Abstract
The impact of war and violence on health, specifically on mental health, has been highlighted often in the World Health Organization’s annual reports. Yet as the ‘intractable’ Israel-Palestine conflict continues; non-stakeholders may be perplexed at the parties’ persistent refusal to make necessary political and territorial compromises for the physical and mental wellbeing of their populations, particularly as violence ranges across the MENA region. Intermittent official conflict resolution processes, current and past, focus mainly on interstate-style peacemaking, regardless of the ‘state versus occupied entity’ asymmetry.
Meanwhile, the conflict ethos is determined by the parties’ narratives and national discourses, which repeatedly rehearse ‘exceptional’ claims to a history of catastrophic events that has created deep suffering and disruption.
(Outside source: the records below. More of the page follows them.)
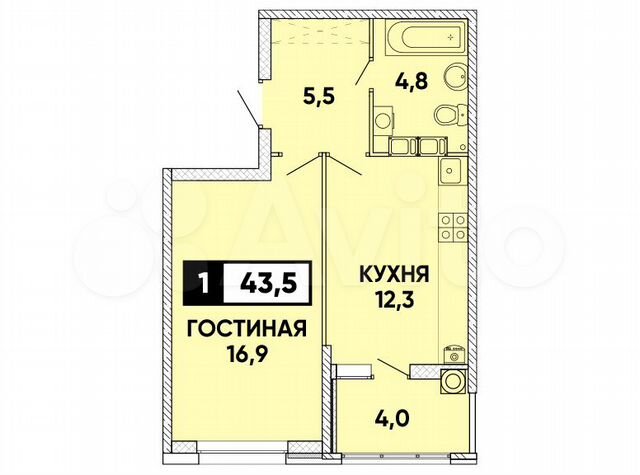 1-к. квартира, 44 м², 8/24 эт.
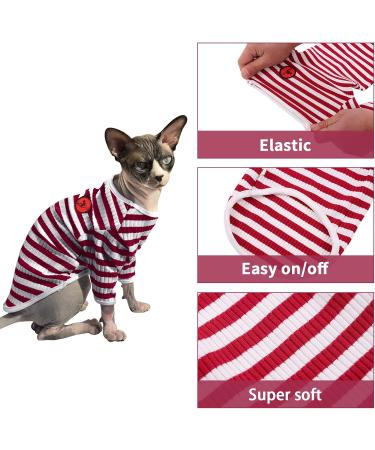Warm Cotton Sweater for Sphynx Cats | Soft Red Striped Jumper for Small Dogs | XS Cat Costume - Buy Online on GoSupps.com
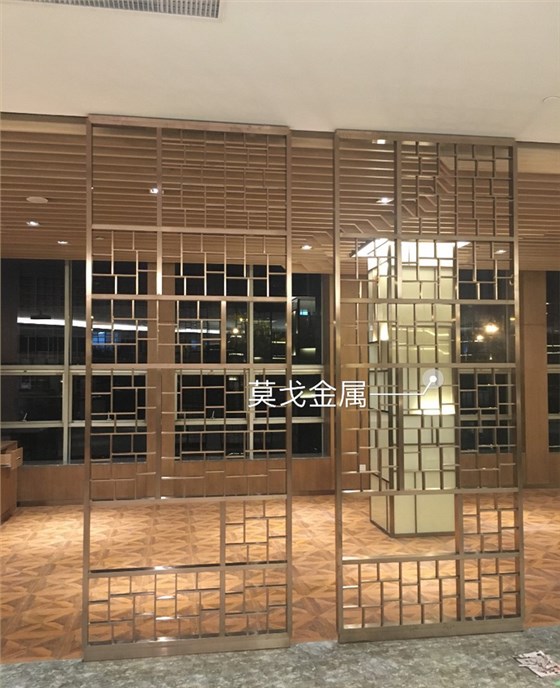 酒店會(huì)所玫瑰金拉絲不銹鋼屏風(fēng)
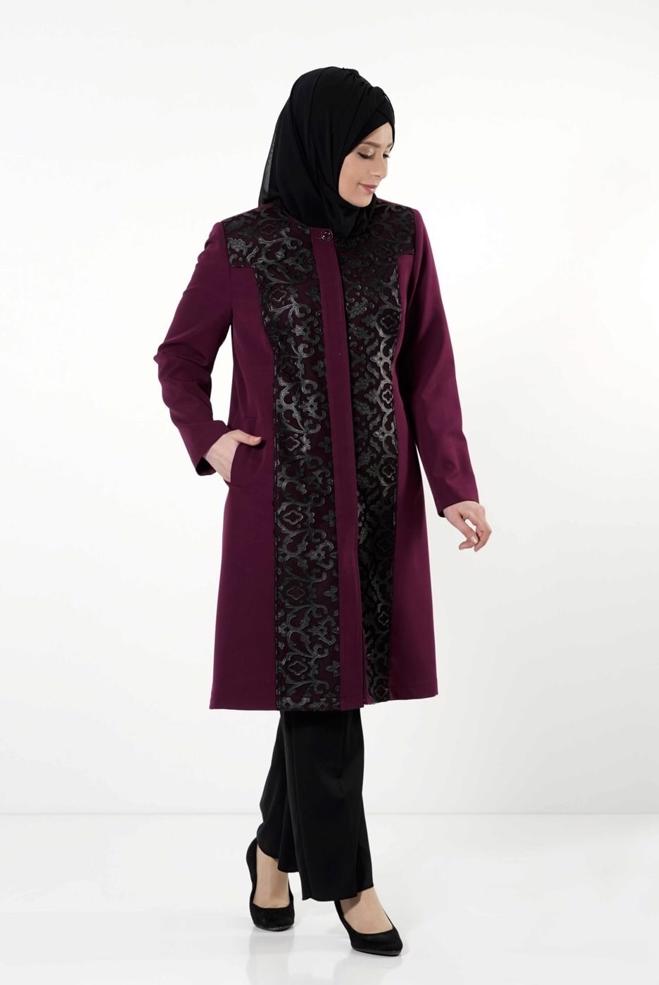 Tesettür giyim BORDO 1673 TRENÇKOT - ALVİNA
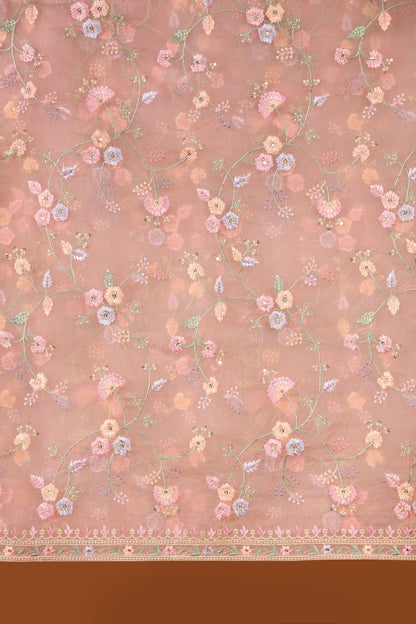 Pink Organza & Kathan Silk Suit Set with Resham Embroidery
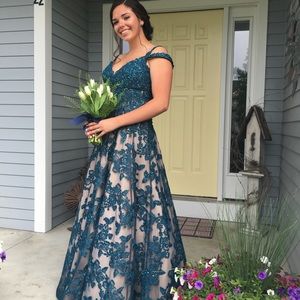 Dark teal Jovani off the shoulder dress with lace beading.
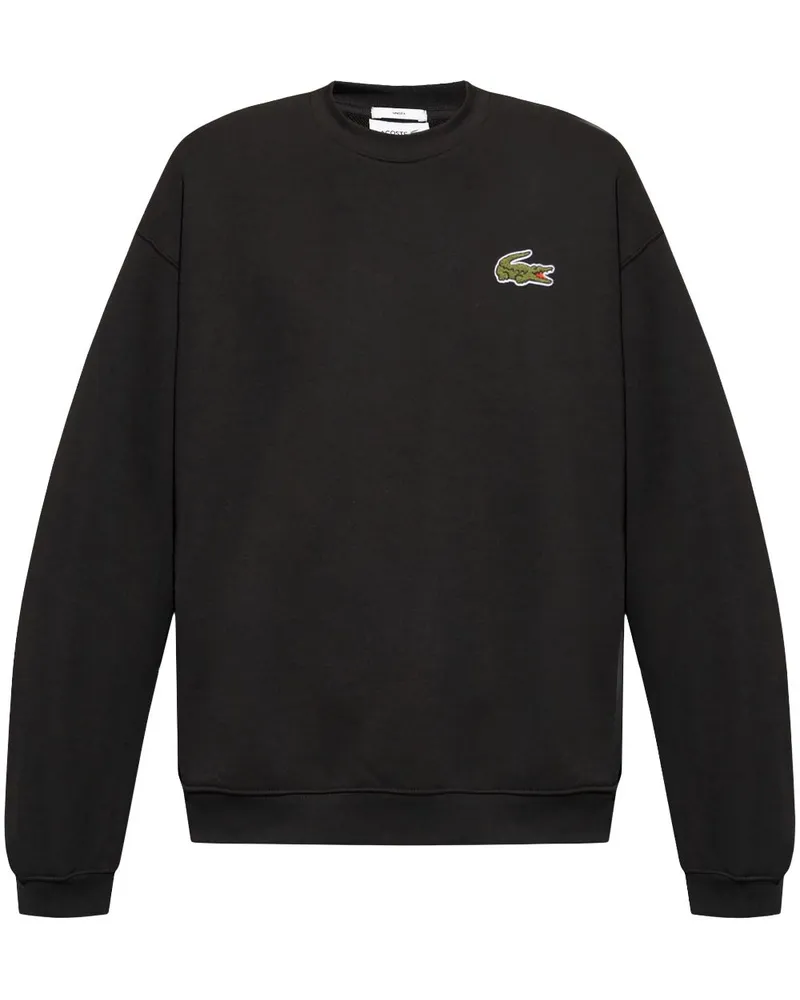 Lacoste Fleece-Sweatshirt mit Patch - Schwarz Schwarz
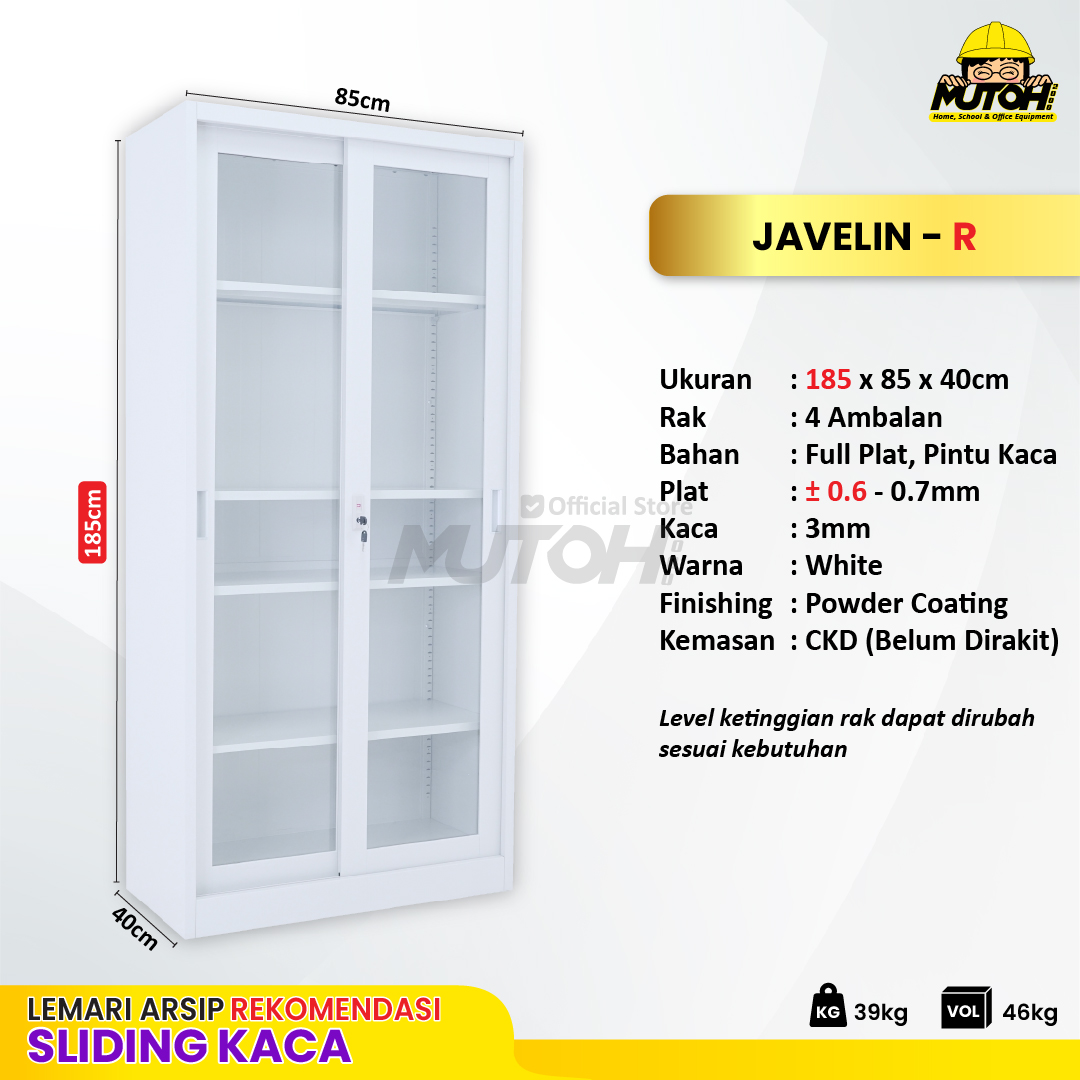 Lemari arsip besi Rekomendasi | 2 pintu sliding kaca putih MUTOH JAVELIN - Gambar 3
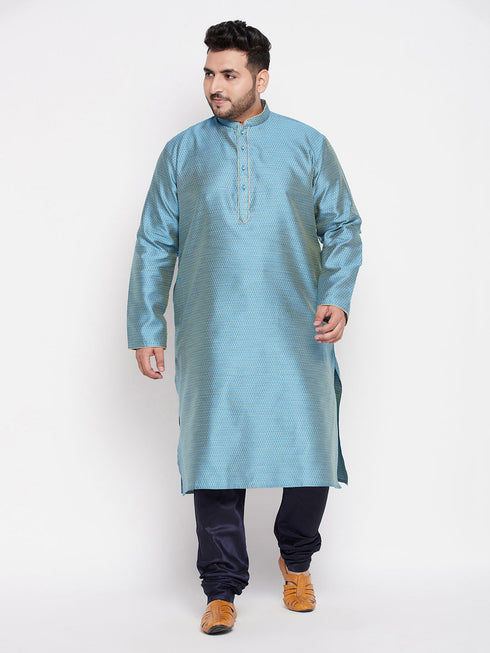 Vastramay Men's Plus Size Aqua Blue Woven Kurta And Navy Blue Pyjama Set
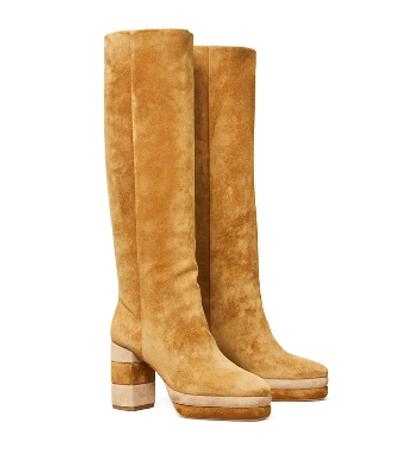 Shop Tory Burch Platform Knee Boot In Camel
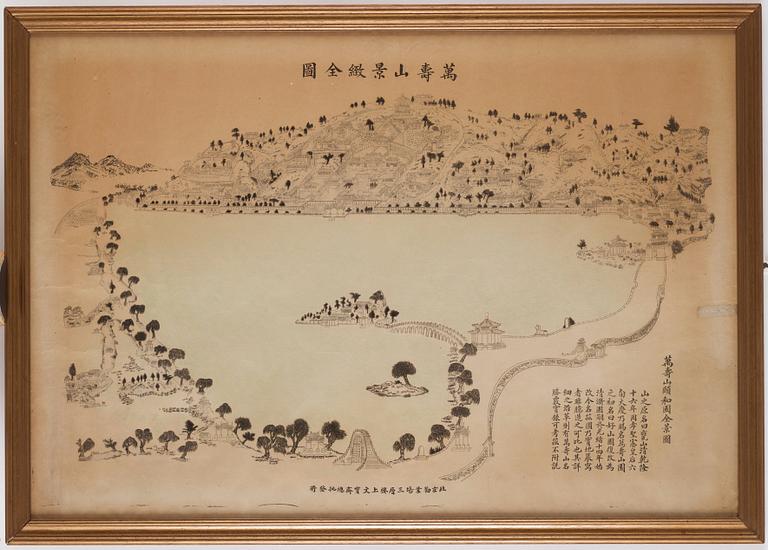 A print of map over the Summer Palace, Qing dynasty.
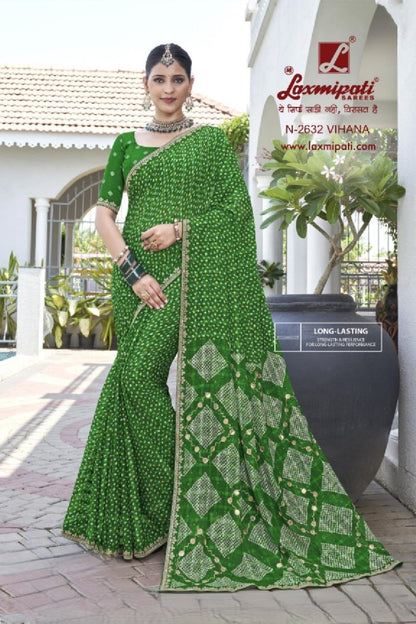 Laxmipati Phulvaari  Green Chiffon Saree (Green, N-2632)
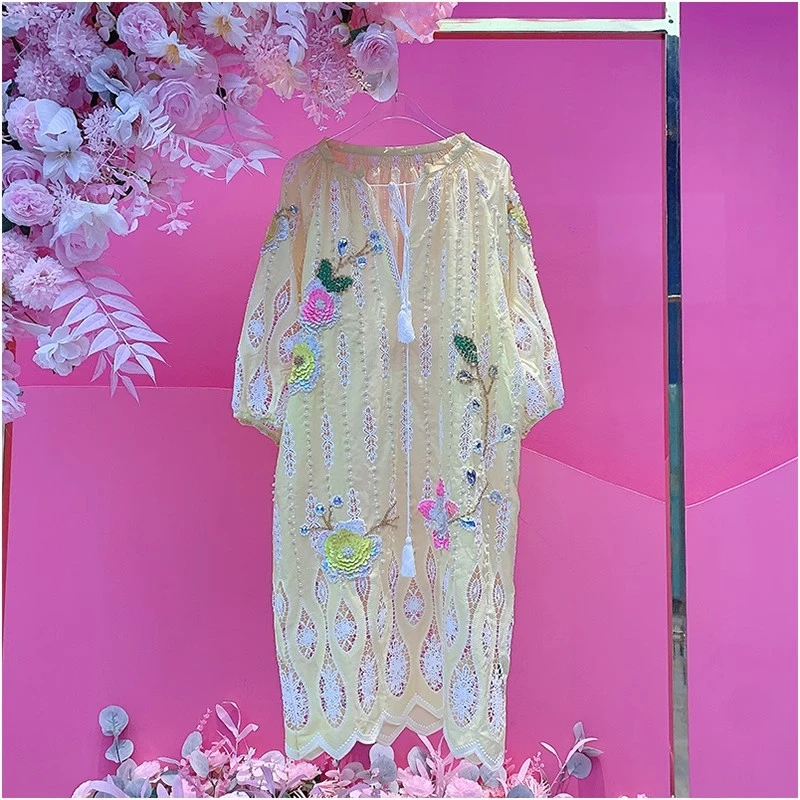 A2172欧美设计师2025夏季新款重工刺绣亮片花镂空宽松休闲连衣裙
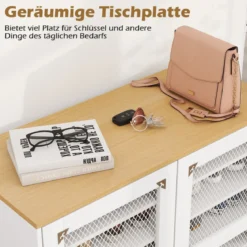 Moderner Holz Schuhschrank mit Maschentüren & Verstellbaren Regalen & Metallbeinen Weiß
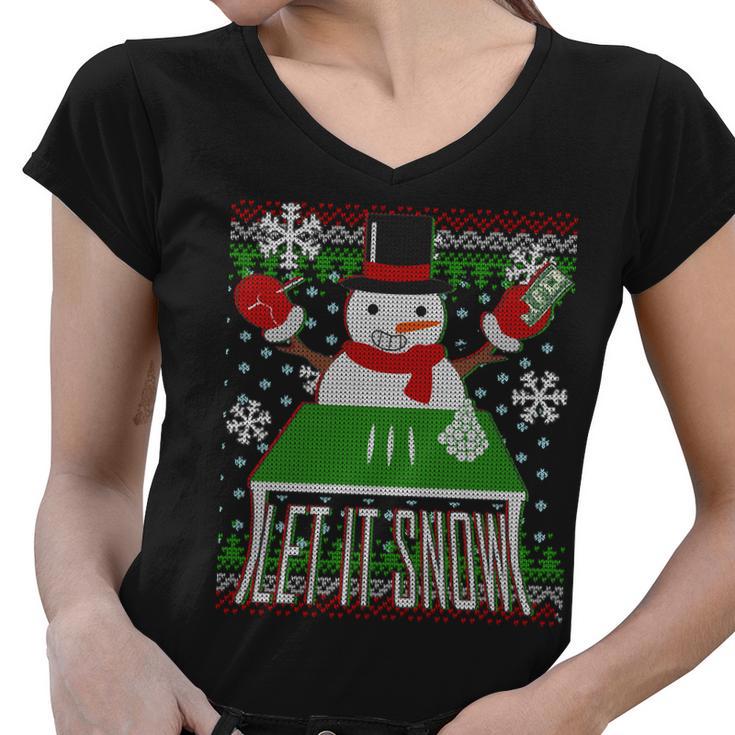 Ugly Christmas Sweater Let It Snow Frosty Snowman On Drugs Women V-Neck T-Shirt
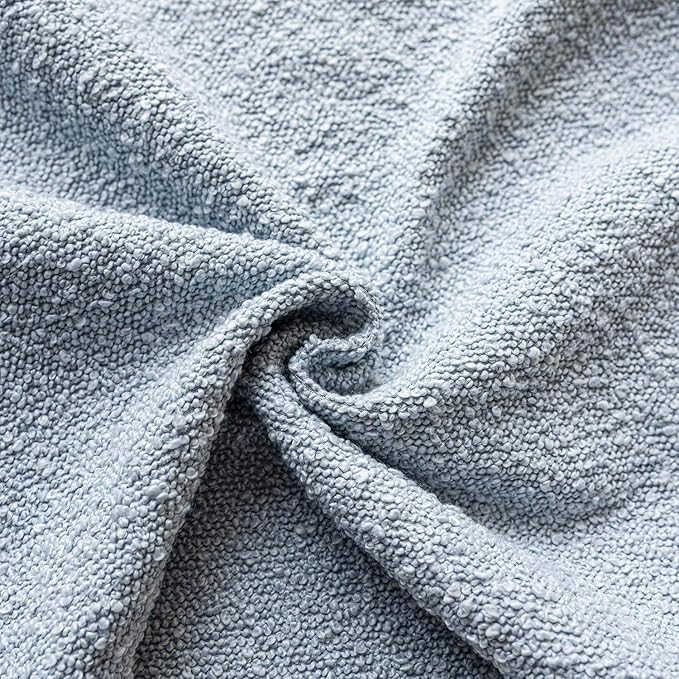 Foindtower Pack of 2 Modern Textured Boucle Throw Pillow Covers Accent Solid Decorative Pillow Cases Cozy Woven Couch Cushion Case for Chair Sofa Bed Living Room Home Decor, 20 x 20 Inch, Light Blue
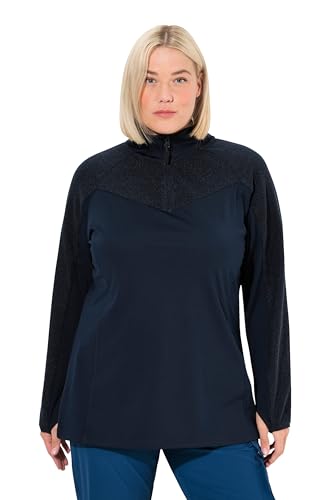 Ulla Popken Damen große Größen Übergrößen Plus Size Sweatshirt, Stretch, Teddyfleece, Troyerkragen, Langarm von Ulla Popken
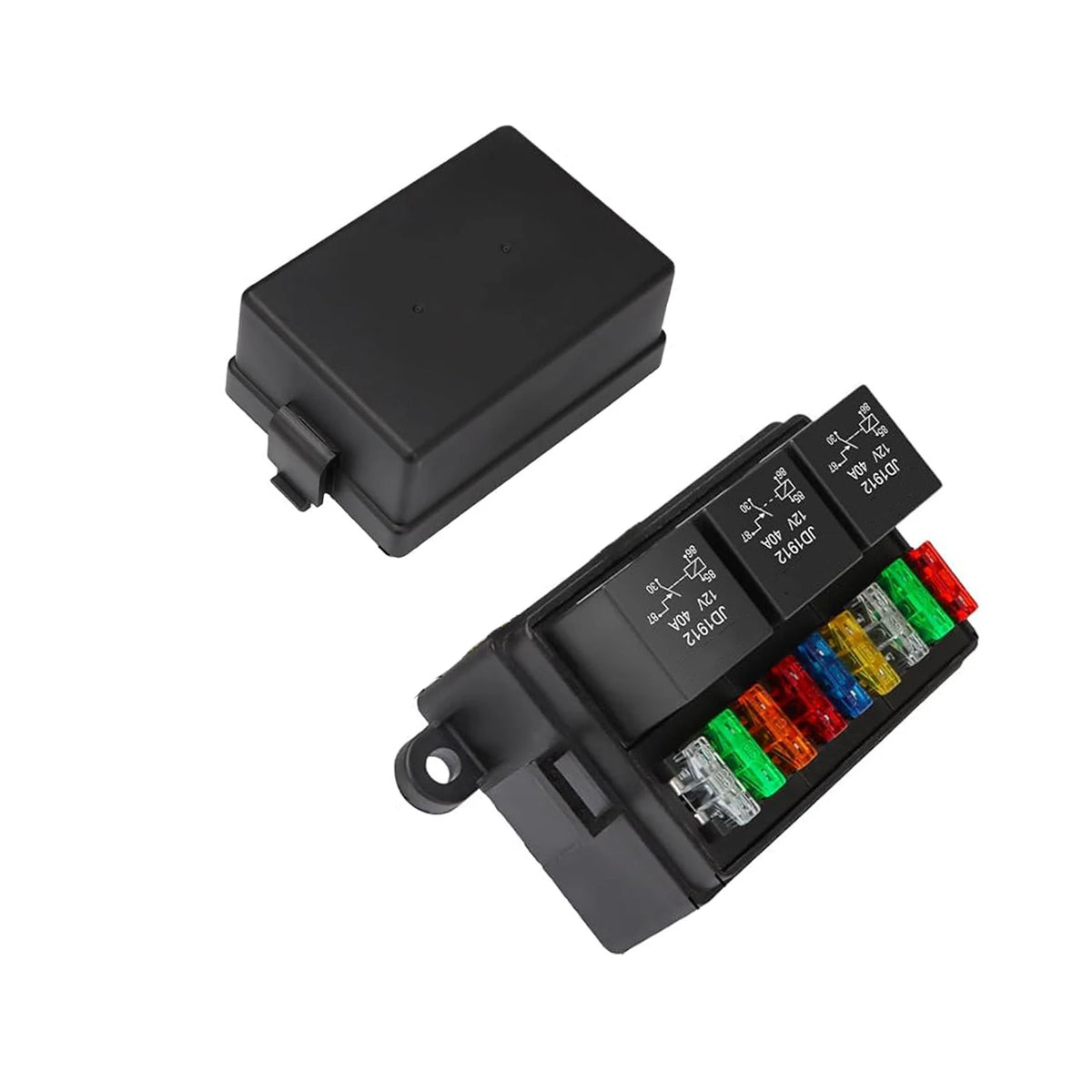 Black waterproof relay and fuse box with ATC/ATO blade holder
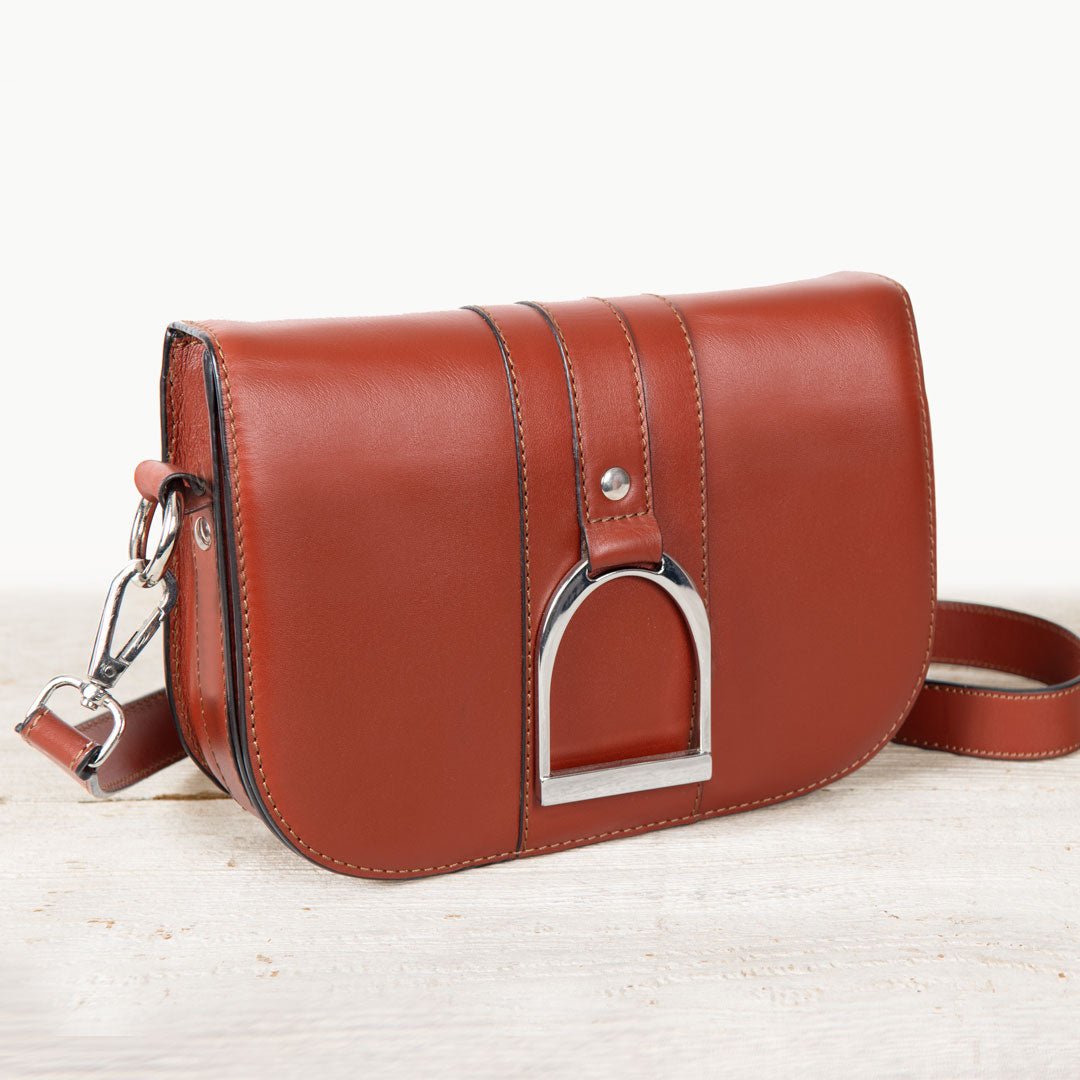 Signature Stirrup - Riding Stirrup Crossbody Luxury Leather Handbag in Cognac Urban-Equestrian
Collective trauma may be more diffuse than the presentation of war trauma, but clearly demands exploration as a formidable obstacle to peace, which cannot proceed without addressing this issue.
In this paper, the researcher intends a critical analysis of trauma’s epistemology and the social construction of ‘collective trauma,’ assessing their special connection to the Israel/Palestine conflict. The researcher further argues for the critical need to take into account both pathologies—the individual psychological trauma and the collective trauma—in seeking innovative possibilities hinging on recognition, that may bring a deeper-level resolution to this conflict.